New Delhi: The External Affairs Ministry on Tuesday dismissed a report by the Washington Post, that claimed an Indian spy agency’s alleged involvement in a failed murder attempt against US-based Khalistani terrorist-separatist Gurpatwant Singh Pannun.

The newspaper even named a Research and Analysis Wing (RAW) official who it claimed orchestrated the purported murder plot.

“The report in question makes unwarranted and unsubstantiated imputations on a serious matter,” MEA spokesperson Randhir Jaiswal said.

“There is an ongoing investigation of the High-Level Committee set up by the Government of India to look into the security concerns shared by the US government on networks of organized criminals, terrorists, and others. Speculative and irresponsible comments on it are not helpful,” he added.

The Washington Post report claimed that an officer of the foreign intelligence agency of India, Research and Analysis Wing (R&AW), instructed a hired hit team to kill Pannun.

The report said R&AW officer Vikram Yadav allegedly instructed the hit team to eliminate Pannuun, the legal counsel of Sikhs for Justice (SFJ), who is also a prominent leader of the separatist movement. “US intelligence agencies have assessed that the operation targeting Pannun was approved by the R&AW chief at the time, Samant Goel,” the report said.
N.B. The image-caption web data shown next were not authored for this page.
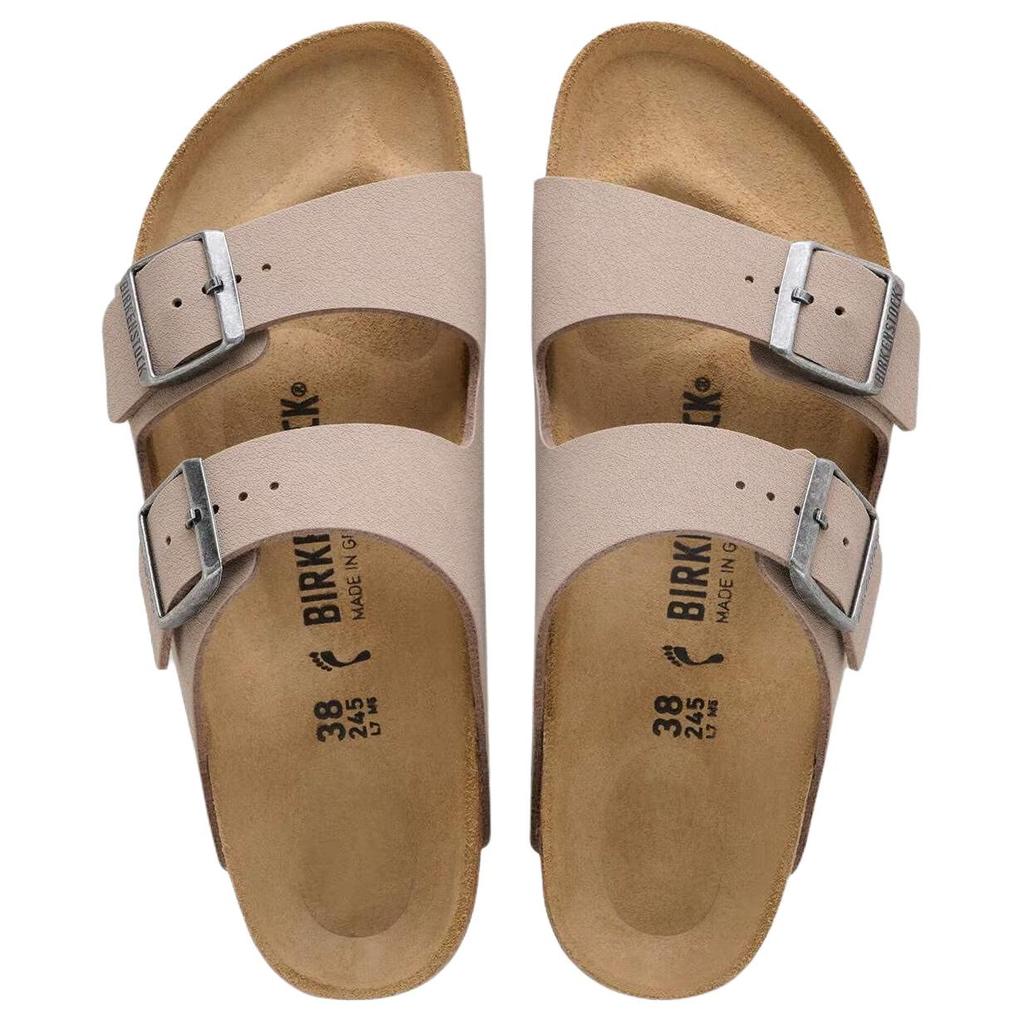 Birkenstock Arizona EVA Birkenstock Shoes Unisex Taupe Narrow 1032070
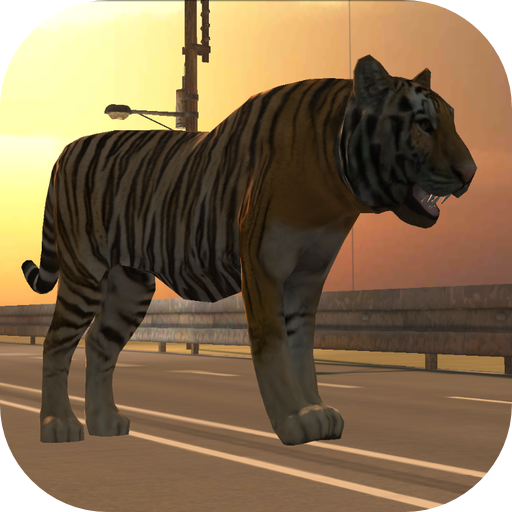 Tiger Racing Simulator Game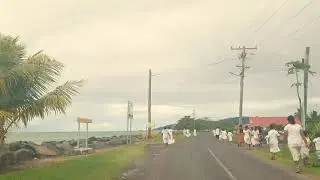 Saleaaumua to Lalomanu Aleipata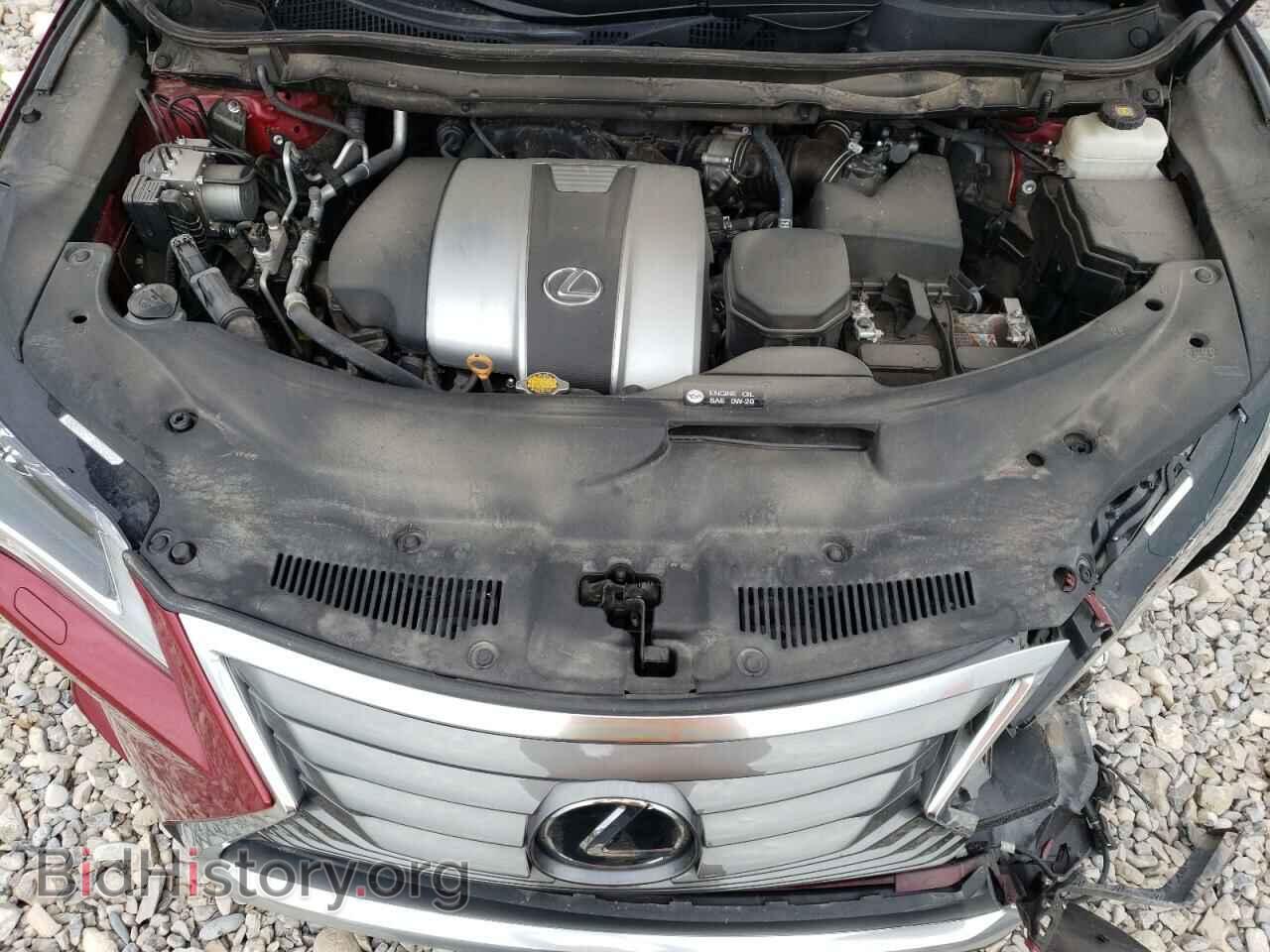 2017 LEXUS RX350 - VIN: 2T2BZMCA7HC085877 - Фото 7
It also said that Yadav was transferred back to the Central Reserve Police Forces (CRPF) following the unraveling of the Pannun plot.
The US officials indicted one Nikhil Gupta for the plot and said he was acting at the behest of an Indian official who was named as CC-1 in the indictment. Gupta was detained last year by Czech and American agencies and remained in a Prague jail.

The government formed a high-level committee to investigate the matter in November 2023 after the US shared information about the role of the Indian official.

The Washington Post claimed that Vikram Yadav was on deputation from CRPF and had allegedly forwarded details of Pannun, including his address in New York. It also claimed that Yadav “lacked the training and skills” needed for the operation that involved going head-to-head against sophisticated US counter-intelligence capabilities.

Interestingly, the newspaper painted Pannun and his Khalistani associates as ‘dissidents’ while overlooking the rising cases of extremism and intimidation against members of the Indian diaspora and even Sikhs and Punjabis in the US, Canada, Australia, and the UK, among other countries, who do not support the Khalistanis.

The Western governments have conveniently turned Nelson’s eye to the violent Khalistani extremists who have used their soil to foment anti-India sentiments.

The newspaper also said that senior US Department of Justice and the US Federal Bureau of Investigation (FBI) would have implicated R&AW in a murder-for-hire conspiracy. “But while a US indictment unsealed in November contained the bombshell allegation that the plot was directed by an Indian official, it referred to Yadav as only an unnamed co-conspirator, CC-1, and made no mention of the Indian spy agency,” the report said.

“Higher-ranking R&AW officials have also been implicated, according to current and former Western security officials, as part of a sprawling investigation by the CIA, FBI, and other agencies that have mapped potential links to Prime Minister Modi’s inner circle,” the report added.

Several cases of members of the Indian diaspora being intimidated have been reported and Khalistani separatists also attacked Indian consulates and embassy offices in San Francisco and London respectively.

The report also falsely claimed that the terrorists killed in Pakistan were “separatists living in exile” and indicated as if Indian officials were responsible for these killings, a claim also first put forward by UK’s The Guardian.